When they had disappeared, the Chief who had so soon dispersed them looked at me with a smile and said, pointing to the two Mexicans, "they are Spanish Indians I know; but they are with you and shall not be hurt. Last winter my brother went to Washington and saw our Great Father there. He said a great many things to my brother and made him a great many presents. And what he said went into his ear, and my brother told it again to me and it went into my ear and down to my heart. Our Great Father told my brother to treat all Americans well who visited his country, and my brother promised the Great Father, in the name of the whole nation, that we would do as he wished us to do towards the Americans. You and your friends are safe. You shall not be hurt." This Chief told me of some of his exploits as a warrior, one of which, then the latest, I will relate. His nation were at war with the Osages and in the fall before he had approached near to one of their largest villages with a war party, too small however, to risk an attack. He concealed himself and his men behind a large mound in the prairie at some distance from the village, and sent forward eight well mounted Pawnees to reconnoitre. A large party of Osages gave chase to these eight, who retreated before them to the mound and then separated, four going to the right and four to the left around the mound, and were followed by their enemies who rushed blindly into the ambuscade. Our hero, the Pawnee, now gave the war whoop, and fell upon the Osages, whose jaded horses were unable to carry them out of danger. A hundred of the Osages were killed in the fight or rather flight, and our hero, the Pawnee Chief, felt all the pride and pleasure of a Spartan in relating the triumph of his craft and valor.
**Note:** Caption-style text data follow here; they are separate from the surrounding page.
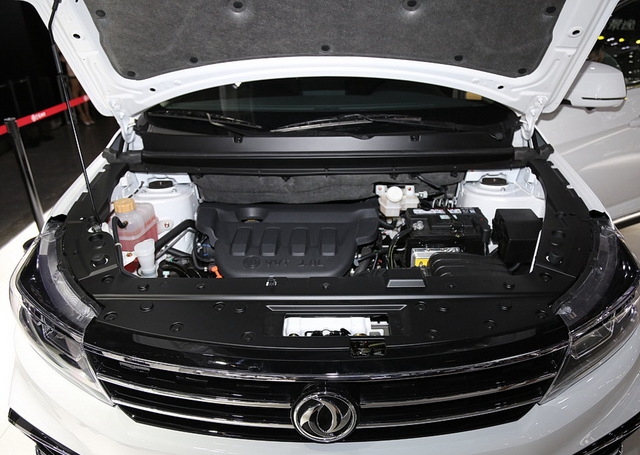 全新景逸X5离地间隙达200mm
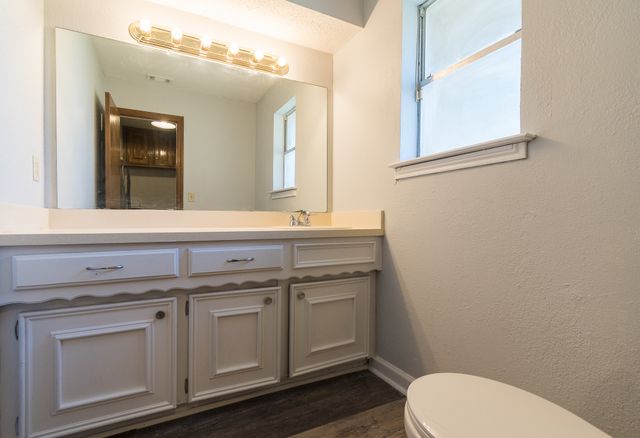 9190 Orbiter Circle, Dallas, TX 75243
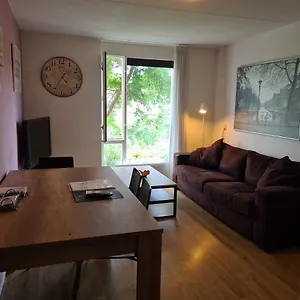 Johan'S B&B With Roofterrace And Cheap Parking - Since 2014 Habitación en casa particular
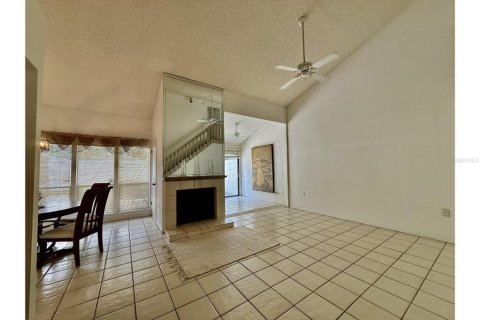 Condo in Longwood, Florida, 2 bedrooms  № 1869622 - photo 3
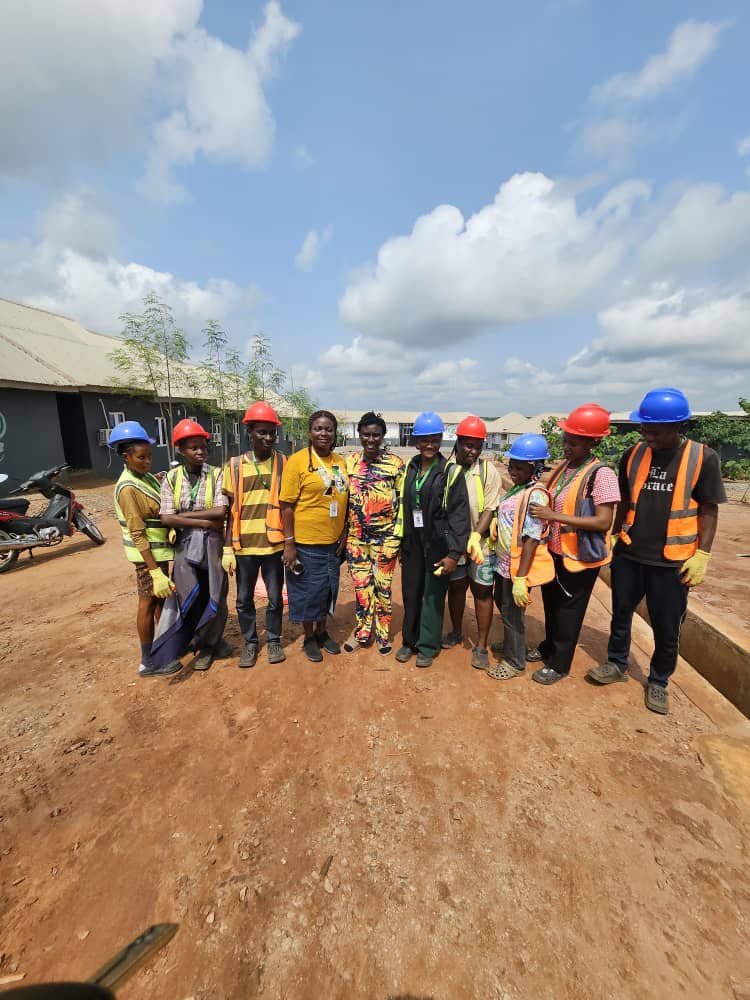 ojodu-mayor-hon-odunmbaku-backs-youth-hydroponics-training.jpg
We encamped at night in company with the Indians, the Chief lying near me, and in the morning nothing had been disturbed. I made presents of tobacco to the Indians and selecting one of my best horses and a Spanish saddle, bridle and rope, and leading him up to the Chief, who had no horse of his own, I presented him with this one and the trappings. The Chief appeared ashamed at not having any thing to give in return, and said, "if you ever come again to my country, I will have two horses ready for you." I told him to treat all Americans well when visiting his country, and to protect them from their enemies. He appeared greatly affected and at parting, embraced me with both arms.

After proceeding about a mile on our way we saw about thirty Indians running towards us and Glenn took another fright, said that these were coming to kill the two Mexicans, and again prayed me to give them up "peaceably." I said no, and the McKnights swore they would die themselves, rather than desert any of their comrades. They, with the rest of my company formed a circle around the Mexicans, while Glenn and his men hurried forward, and I stopped to speak with the advancing Indians. These were a hunting party belonging to the Pawnee army, who had not seen us before, having just returned from hunting, and now came to shake hands with us. They overtook Glenn for the same friendly purpose and then returned in high spirits to their countrymen. Glenn now pushed on in a trot and soon went out of my sight where he has remained from that day to this. He sold his fur in St. Louis, went to Cincinnati, and cheated me out of his debt to me, as I ought to have expected him to do after his previous cowardice and hypocricy.

We now kept our course down the Arkansas, and on the next day crossed to the north bank of the river. One of my trunks fell into the river in crossing, and some rhubarb dissolving, became mixed with my shirts, journal, invoice and other papers in the trunk, and entirely destroyed them. The writing was obliterated from the papers, and my journal which I had kept since leaving home was rendered useless. My memory, which was always very retentive of events and incidents, enables me to supply this loss with sufficient accuracy.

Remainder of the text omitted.